Passive energy design
The house is designed with a small footprint with modest-sized rooms developed to preserve landscaped areas and promote and maintain the green and leafy suburb whilst configuring family living to an intimate scale. This generates good solar access to all areas of the house and effective cross-flow ventilation. Living areas hold a north-eastern outlook to landscaped areas and street while service areas and minimal glazing protect the south-west elevations.

Materials
The ground level has a clear-sealed structural concrete slab. The main volumes are highly insulated, lightweight of mainly timberframed construction. The interiors feature expressed laminated timber purlins, CD plywood and plasterboard sheet lining to the upper floor. The lower floor is predominantly lined in birch plywood and compressed fibre cement sheet with limited areas of plasterboard. Paints are low-VOC. An oil finish is used for all joinery. External finishes include clear sealed compressed cement sheet cladding and battens as well as galvanised steel flat sheet. The carport is clad in hardwood timber battens. Concealed Lysaght “Klip-lok” in Zincalume roof sheet is fixed to all roof areas.
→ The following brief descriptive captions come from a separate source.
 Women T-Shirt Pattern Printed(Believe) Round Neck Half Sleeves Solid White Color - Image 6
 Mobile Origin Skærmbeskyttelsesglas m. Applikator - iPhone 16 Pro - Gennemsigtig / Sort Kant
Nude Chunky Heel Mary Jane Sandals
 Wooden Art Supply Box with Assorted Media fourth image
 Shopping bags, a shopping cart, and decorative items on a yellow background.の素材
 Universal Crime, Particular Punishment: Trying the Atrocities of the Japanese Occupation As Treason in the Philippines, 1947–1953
Soffits have exposed LVL structural members finished with Osmo raw oil.

Flooring
The ground floor, seats and edge beams are sealed concrete. The upper floor and stairs are 100 per cent wool carpet with underlay on FSC 18-millimetre plywood sheet flooring. Thermal and acoustic insulation is provided in floors separating living levels.

Ceilings
The upper storey and living room ceilings have exposed LVL structural members with CD structural plywood lining over and finished with Osmo raw oil. A cavity is created for roof batt insulation over.

Glazing
AWS windows and doors have natural anodised aluminium frames with single clear glazing controlled through effective passive shading during summer. Glazing is restricted predominantly to the north-east and north-west.

Heating and cooling
The requirement for artificial heating and cooling has been minimised by passive design strategies of thermal mass, orientation, shading and cross ventilation. Large, fully openable living room doors provide opportunities for the owners to live in a manner that is reactive to the outside conditions. In winter, the sun penetrates deep onto the ground floor living room concrete slab and seat, mediating the temperature as a good source of thermal mass. Effective shading from large overhangs and established street trees to the west shade the house during summer. Fans are included in bedrooms with casement fanlights over doors to encourage air movement whilst maintaining privacy. Energy-efficient reverse cycle air conditioning bulkhead units in upper level bedrooms and living area. These units can be isolated and operated separately during extreme weather events to minimise energy use.

Water tanks
Rainwater from all roof areas is directed to a 5000-litre aboveground concrete tank, which provides water for toilet flushing, washing machine and garden irrigation.

Lighting
The house uses low-energy LED lighting from About Space and feature lights from Ludovica and Roberto Palomba.